● **Task**:
Exactly reproduce the lines from the one containing "CARNAGE USA #1-5" through the last line of the data, both ends included, leaving out pictures.

● **Given data**:
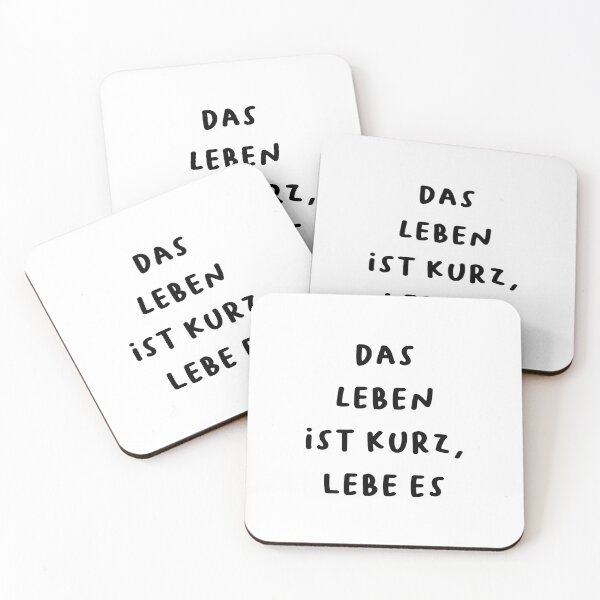 Item preview, Das Leben ist kurz, lebe es - German Inspirational Quote Design designed and sold by RM-Journey.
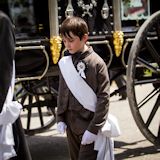 William Polston, 11, of Minneapolis, Minn.,descendant of one of the original pallbearers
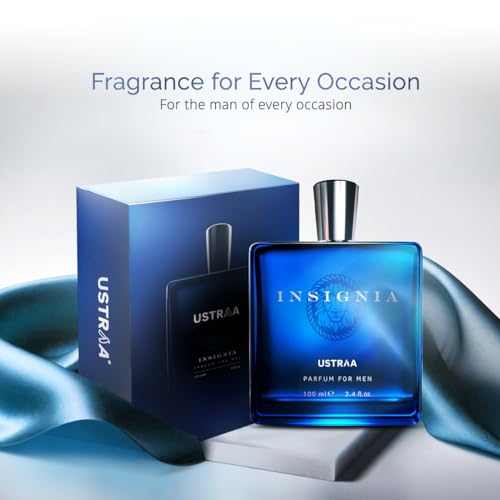 Ustraa Insignia Eau de Parfum for Men | Spicy Woody Musky Fragrance | Long Lasting Premium Perfume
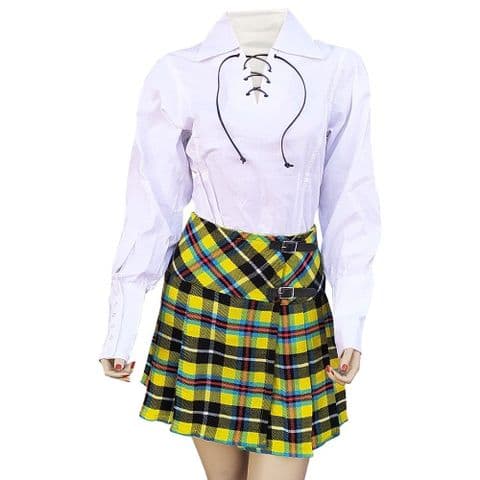 Ladies Tartan Mini Kilt Skirt for women - Traditional Scottish Plaid Dress - Cornish National Tartan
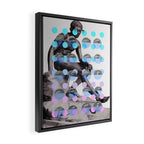 Statue With A Dot Gradient 2 Framed Canvas Print Gallery Image 2
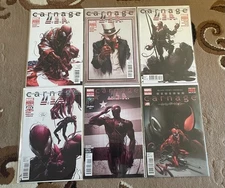 CARNAGE USA #1-5 + One-Shot NM COMPLETE SET 1st APP Clayton Crain 2012
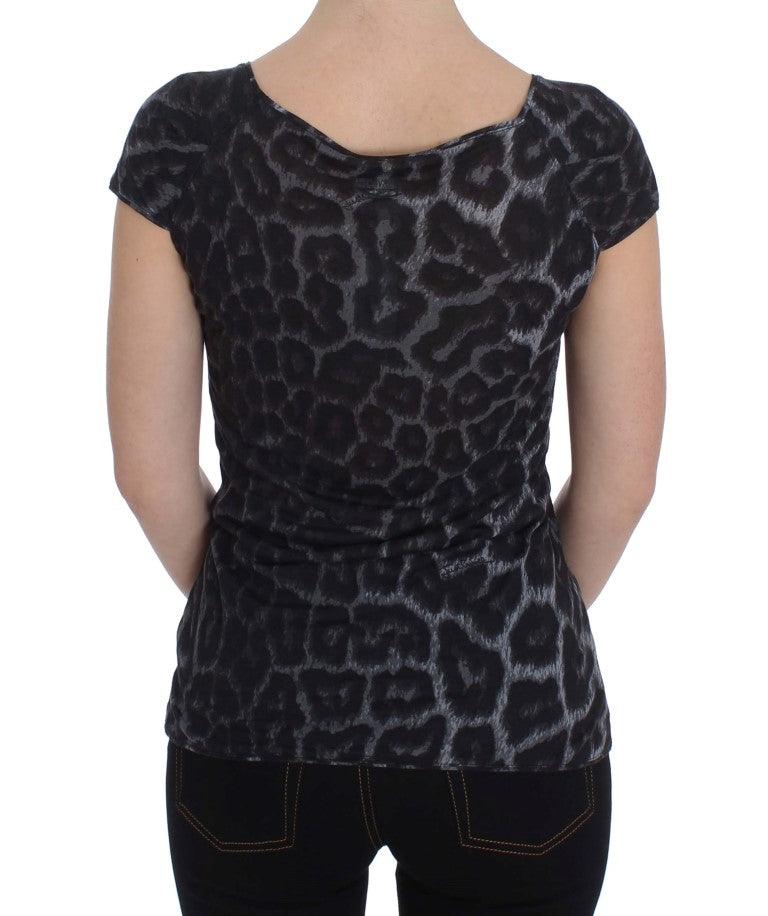 Chic Leopard Modal Top by Cavalli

● **Finished task**:
 CARNAGE USA #1-5 + One-Shot NM COMPLETE SET 1st APP Clayton Crain 2012
 Chic Leopard Modal Top by Cavalli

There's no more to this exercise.